There are also two sets of legislation that need to be followed by operators of heavy-duty vehicle lifts. Although LOLER 98 and PUWER 98 are very similar and share similar activities, they must not be confused
Vehicle lifts need to be thoroughly examined periodically by a competent person, who should issue, under LOLER regulations, a ‘Report of Thorough Examination’. It is recommended that this is done every six months.
Although this should identify problems, it is not a replacement for the regular in-house checks and maintenance required by PUWER – in the same way that you shouldn’t rely on an MOT to keep your vehicle roadworthy.
We recommend that all mobile vehicle lifts undergo maintenance at least every six months on the grounds that the inerrant use of this type of equipment represents a high risk to personnel as:
- Work is generally carried out under a suspended load, and therefore we classify as the same as a man riding lift (HSE also recommend 803/69)
- Mobile vehicle Lifts are mobile and therefore at great risk to damage from moving around workshops and by collision from moving vehicles
- Mobile vehicle lifts are often misused by operators outside their design which could lead to excessive wear and tear.

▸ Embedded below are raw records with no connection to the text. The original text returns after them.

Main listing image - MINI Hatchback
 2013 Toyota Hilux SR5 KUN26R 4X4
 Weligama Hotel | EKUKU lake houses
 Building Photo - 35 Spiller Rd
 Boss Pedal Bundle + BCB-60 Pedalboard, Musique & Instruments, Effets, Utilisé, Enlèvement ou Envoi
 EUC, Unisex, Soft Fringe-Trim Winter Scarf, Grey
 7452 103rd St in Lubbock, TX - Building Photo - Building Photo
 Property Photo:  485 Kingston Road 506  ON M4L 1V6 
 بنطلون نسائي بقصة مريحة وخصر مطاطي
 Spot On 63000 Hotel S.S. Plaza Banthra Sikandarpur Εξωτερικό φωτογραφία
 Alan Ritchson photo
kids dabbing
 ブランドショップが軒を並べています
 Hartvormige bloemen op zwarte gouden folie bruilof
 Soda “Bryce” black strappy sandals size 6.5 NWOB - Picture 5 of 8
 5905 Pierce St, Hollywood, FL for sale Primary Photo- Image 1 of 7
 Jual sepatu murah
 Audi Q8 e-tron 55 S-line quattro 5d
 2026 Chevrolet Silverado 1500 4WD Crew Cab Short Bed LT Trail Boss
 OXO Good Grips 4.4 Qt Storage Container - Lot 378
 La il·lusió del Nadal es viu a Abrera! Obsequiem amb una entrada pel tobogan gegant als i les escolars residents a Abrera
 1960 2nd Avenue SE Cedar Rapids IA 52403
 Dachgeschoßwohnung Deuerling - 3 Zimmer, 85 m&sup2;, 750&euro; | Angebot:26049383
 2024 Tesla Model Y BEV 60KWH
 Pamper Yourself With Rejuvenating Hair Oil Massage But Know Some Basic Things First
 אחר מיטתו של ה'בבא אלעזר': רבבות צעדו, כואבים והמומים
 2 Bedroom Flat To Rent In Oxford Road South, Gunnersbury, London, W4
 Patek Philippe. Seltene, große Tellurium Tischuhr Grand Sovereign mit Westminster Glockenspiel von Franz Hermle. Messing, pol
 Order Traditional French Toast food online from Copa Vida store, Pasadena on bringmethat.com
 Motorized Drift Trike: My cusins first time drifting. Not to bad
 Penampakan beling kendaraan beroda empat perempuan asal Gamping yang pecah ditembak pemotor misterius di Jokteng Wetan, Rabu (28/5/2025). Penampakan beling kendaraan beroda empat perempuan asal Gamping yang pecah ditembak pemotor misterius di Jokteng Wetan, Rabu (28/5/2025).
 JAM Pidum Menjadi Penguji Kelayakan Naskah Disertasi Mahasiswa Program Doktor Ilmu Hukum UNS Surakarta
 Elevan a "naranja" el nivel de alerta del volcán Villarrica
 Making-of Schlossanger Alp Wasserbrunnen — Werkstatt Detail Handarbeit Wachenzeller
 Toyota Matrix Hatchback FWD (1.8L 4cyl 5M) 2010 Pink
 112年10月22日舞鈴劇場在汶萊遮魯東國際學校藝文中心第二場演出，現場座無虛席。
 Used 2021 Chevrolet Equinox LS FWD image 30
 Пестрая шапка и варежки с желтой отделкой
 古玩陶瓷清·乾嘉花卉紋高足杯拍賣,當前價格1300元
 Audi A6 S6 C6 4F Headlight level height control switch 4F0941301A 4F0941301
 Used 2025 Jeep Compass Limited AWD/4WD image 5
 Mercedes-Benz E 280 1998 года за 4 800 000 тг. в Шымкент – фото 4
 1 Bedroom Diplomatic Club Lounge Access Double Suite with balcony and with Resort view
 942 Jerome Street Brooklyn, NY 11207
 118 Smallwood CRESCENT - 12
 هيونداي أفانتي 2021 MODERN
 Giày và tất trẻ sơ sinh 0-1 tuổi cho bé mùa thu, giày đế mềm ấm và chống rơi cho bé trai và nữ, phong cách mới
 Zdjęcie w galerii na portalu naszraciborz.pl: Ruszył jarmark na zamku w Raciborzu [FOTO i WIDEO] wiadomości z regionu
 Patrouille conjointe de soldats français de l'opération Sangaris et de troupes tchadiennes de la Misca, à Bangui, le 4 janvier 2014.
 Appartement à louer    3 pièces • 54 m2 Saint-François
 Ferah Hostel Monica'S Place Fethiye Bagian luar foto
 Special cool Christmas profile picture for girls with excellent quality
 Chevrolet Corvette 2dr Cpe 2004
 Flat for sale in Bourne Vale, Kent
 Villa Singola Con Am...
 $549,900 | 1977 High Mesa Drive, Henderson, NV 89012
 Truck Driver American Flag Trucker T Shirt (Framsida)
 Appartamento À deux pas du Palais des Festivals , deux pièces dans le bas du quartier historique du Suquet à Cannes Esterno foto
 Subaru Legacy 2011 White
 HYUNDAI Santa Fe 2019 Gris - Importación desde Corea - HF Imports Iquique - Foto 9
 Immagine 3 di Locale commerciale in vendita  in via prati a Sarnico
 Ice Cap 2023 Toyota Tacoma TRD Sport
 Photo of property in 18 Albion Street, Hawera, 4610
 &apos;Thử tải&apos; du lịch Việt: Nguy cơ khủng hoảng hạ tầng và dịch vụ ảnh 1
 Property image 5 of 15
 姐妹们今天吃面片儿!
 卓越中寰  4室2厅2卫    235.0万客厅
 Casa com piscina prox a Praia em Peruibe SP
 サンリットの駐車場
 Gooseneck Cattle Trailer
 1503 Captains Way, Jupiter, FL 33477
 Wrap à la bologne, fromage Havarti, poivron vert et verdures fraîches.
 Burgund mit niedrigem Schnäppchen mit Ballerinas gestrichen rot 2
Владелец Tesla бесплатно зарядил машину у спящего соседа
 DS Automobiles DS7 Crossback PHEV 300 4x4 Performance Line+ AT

Below is an extract from the HSE website that should also assist you with some information from the publications detailed in the extract:
“HSE has revised some of its guidance in two publications following legal advice from our solicitors. The changes occur in paragraphs 202 and 203 of Health and safety in motor vehicle repair and associated industries (HSG261) and on page 4 of Working safely under motor vehicles being repaired (INDG434). This advice is specific to vehicle lifts commonly used in motor vehicle repair and associated industries, and the requirements for their periodic thorough examination by a competent person.”
“The Lifting Equipment and Lifting Operations Regulations 1998 (LOLER) specify the periods between these thorough examinations in regulation 9(3). The changes to these publications clarify.”
The regulations surrounding the operation of heavy-duty vehicle lifts can be confusing, but with the help of TOTALKARE, operators can rely on the very best guidance and support to let them get on with the job in hand.